Instructions for the task: From the data below, copy exactly the lines that lie between the one holding "422 Cole Crescent Carseland AB T0J 0M0" and the one holding "vanessa4you online show from 02-05-25, 03:34", including both, and nothing more.

Start of Study material

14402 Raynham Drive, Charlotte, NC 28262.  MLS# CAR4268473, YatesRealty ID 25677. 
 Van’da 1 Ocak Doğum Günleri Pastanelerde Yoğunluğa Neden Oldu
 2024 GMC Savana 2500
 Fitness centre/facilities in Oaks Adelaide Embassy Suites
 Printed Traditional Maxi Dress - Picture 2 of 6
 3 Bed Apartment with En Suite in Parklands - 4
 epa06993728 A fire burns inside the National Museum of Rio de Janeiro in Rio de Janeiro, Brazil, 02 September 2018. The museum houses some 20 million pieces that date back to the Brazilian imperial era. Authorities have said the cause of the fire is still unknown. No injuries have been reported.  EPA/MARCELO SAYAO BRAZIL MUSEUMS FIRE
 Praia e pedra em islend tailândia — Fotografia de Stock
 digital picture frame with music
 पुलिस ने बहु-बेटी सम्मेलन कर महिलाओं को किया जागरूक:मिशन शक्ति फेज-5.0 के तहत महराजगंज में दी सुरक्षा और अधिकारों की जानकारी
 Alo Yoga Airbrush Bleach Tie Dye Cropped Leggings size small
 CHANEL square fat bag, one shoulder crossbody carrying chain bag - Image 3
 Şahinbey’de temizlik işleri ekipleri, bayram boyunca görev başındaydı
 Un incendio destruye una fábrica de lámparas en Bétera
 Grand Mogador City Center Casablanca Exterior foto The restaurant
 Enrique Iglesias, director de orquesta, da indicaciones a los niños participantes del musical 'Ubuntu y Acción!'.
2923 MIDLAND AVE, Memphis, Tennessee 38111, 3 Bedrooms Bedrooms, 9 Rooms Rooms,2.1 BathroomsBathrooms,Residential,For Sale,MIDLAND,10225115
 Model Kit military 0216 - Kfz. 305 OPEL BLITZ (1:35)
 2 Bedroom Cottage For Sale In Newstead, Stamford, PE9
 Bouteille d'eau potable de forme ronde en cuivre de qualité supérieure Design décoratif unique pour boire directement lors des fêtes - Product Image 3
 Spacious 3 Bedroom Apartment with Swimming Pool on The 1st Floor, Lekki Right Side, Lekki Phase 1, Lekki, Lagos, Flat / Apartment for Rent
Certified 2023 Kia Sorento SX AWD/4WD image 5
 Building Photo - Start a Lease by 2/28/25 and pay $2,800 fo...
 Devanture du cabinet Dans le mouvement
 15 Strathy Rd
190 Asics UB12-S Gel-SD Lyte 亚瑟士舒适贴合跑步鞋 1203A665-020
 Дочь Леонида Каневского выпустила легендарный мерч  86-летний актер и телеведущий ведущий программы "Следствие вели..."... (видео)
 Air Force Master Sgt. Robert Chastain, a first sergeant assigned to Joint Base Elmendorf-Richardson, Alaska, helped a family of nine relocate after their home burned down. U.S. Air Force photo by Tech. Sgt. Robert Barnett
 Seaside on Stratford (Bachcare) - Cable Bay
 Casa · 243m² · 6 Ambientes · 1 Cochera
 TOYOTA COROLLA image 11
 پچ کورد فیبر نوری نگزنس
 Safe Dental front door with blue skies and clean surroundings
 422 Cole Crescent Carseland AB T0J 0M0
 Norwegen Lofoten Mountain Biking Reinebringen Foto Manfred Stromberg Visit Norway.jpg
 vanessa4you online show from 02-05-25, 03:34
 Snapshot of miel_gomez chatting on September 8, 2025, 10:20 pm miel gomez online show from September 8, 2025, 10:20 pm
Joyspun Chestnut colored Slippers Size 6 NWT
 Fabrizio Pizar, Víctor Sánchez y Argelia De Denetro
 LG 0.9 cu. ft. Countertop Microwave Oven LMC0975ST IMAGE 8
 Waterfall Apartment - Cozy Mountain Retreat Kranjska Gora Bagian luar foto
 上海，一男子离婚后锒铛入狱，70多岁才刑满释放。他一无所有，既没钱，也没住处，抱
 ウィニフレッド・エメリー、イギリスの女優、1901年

End of Study material

Answer space:
 422 Cole Crescent Carseland AB T0J 0M0
 Norwegen Lofoten Mountain Biking Reinebringen Foto Manfred Stromberg Visit Norway.jpg
 vanessa4you online show from 02-05-25, 03:34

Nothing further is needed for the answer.